The universe of Fargo is one in which anything can happen, and frequently does – we’re talking about a series whose exceptionally high bodycount could perhaps have been avoided had Rye Gerdhart (Kieran Culkin) not been distracted by a UFO right back in the first episode. In that sense Betsy Solverson’s dreamlike flash-forward to her husband and daughter’s future – timed, perhaps, to coincide with an anticipated third series – cast a brief question mark over the inevitability of their survival, as well as introducing a surprisingly low-key series finale.

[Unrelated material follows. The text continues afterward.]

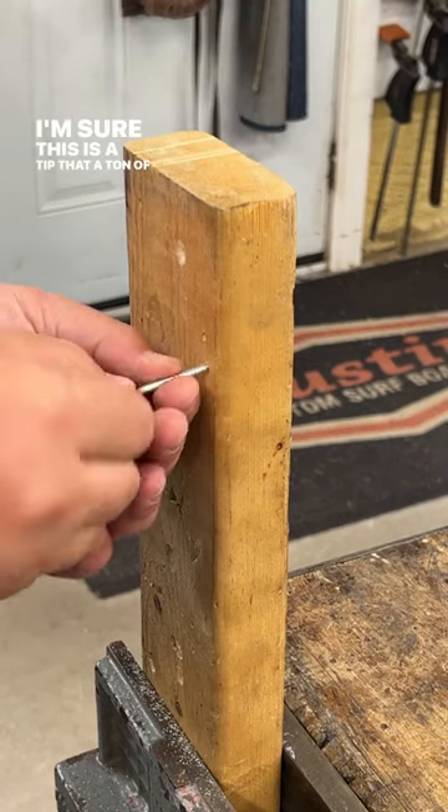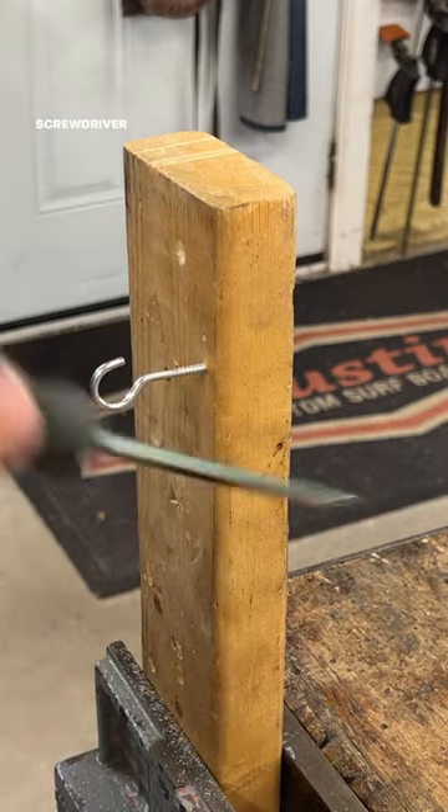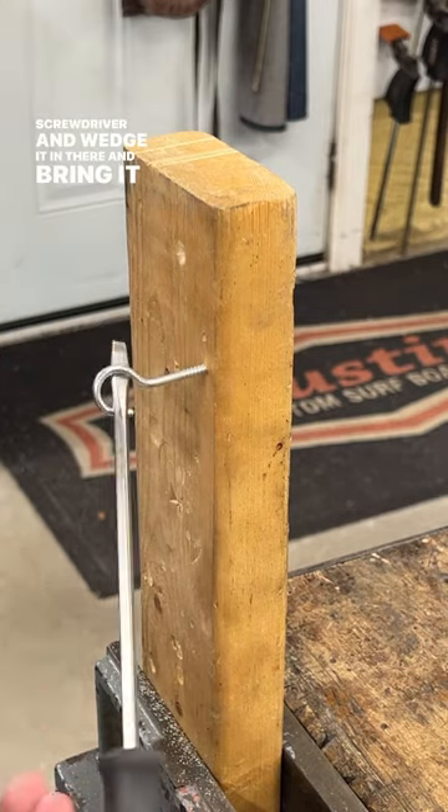This is a tip that a ton of you guys already know, but when you're putting in screw hooks, you can use a screwdriver and wedge it in there and bring it around to give you some leverage and tighten it up.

After its opening montage showing each of the members of the Gerdhart crime dynasty in their final, bloody resting places, Hawley chose to spend the finale quietly tying up loose ends. Hapless butcher Ed Blumquist (Jesse Plemons) is dead and wife Peggy (Kirsten Dunst, pictured right) presumably in jail, after an achingly slow cross-country drive back to Luverne, Minnesota spent waiting for something bloodthirsty and shocking to happen. Hanzee Dent (Zahn McClarnon), the Gerdharts’ double-crossing enforcer, gets a new identity and the suave, sociopathic Mike Milligan (Bokeem Woodbine) a promotion – and an office job. Lou gets to return to his wife and daughter while father-in-law Hank (Ted Danson) survives – but the inevitability of Betsy’s terminal cancer means you’d struggle to call it a happy ending.

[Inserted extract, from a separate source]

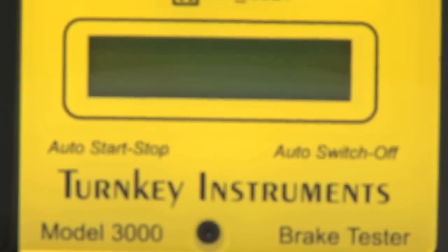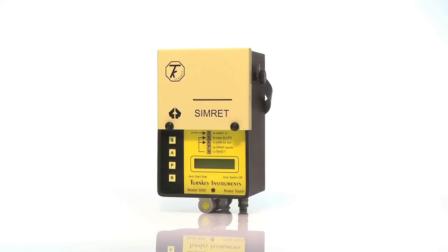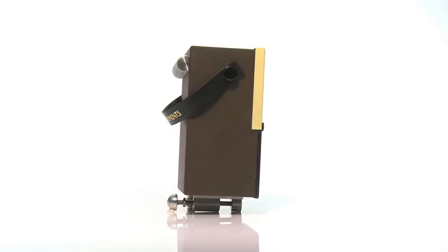The Simrat 3000 brake tester simplifies the routine testing of heavy vehicle and machine braking systems to ensure compliance with health and safety regulations. It's used widely in the world's mines, quarries, and rail traction environments.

It’s one that’s all the more devastating if you have fallen for Wilson’s character. His portrayal, along with Danson, of the series’ thoroughly decent moral core – while at the same time being the only non-corrupt member of law enforcement with half a clue as to what was going on, in much the same way as Allison Tolman’s character in the first series – gave the show a sense of realism and kept it grounded even at its most ridiculous. The series also equalled, if not bettered, its predecessor in the casting stakes with a great blend of Hollywood names playing against types and relative unknowns: Dunst’s Peggy Blumquist, part-naïf and part femme fatale, was perfectly pitched; while Woodbine’s eloquent gangster deserves his own spin-off – something I wouldn’t put past Hawley, whose love for intricate, interconnected storytelling stretching back to the Coen Brothers’ original source material added an extra level to an incredibly satisfying televisual feast.
The finale was also full of treats from a technical perspective, too: add Black Sabbath’s “War Pigs” soundtracking Dent’s climatic final chase to the must-have soundtrack album of the year; while director Adam Arkin framed the best split-screen shot of the series when the Blumquists waved down a passing car to make their escape. It’s a cinematic style that, much like those wholesome characters, helped to keep everything grounded – whatever those aliens were up to.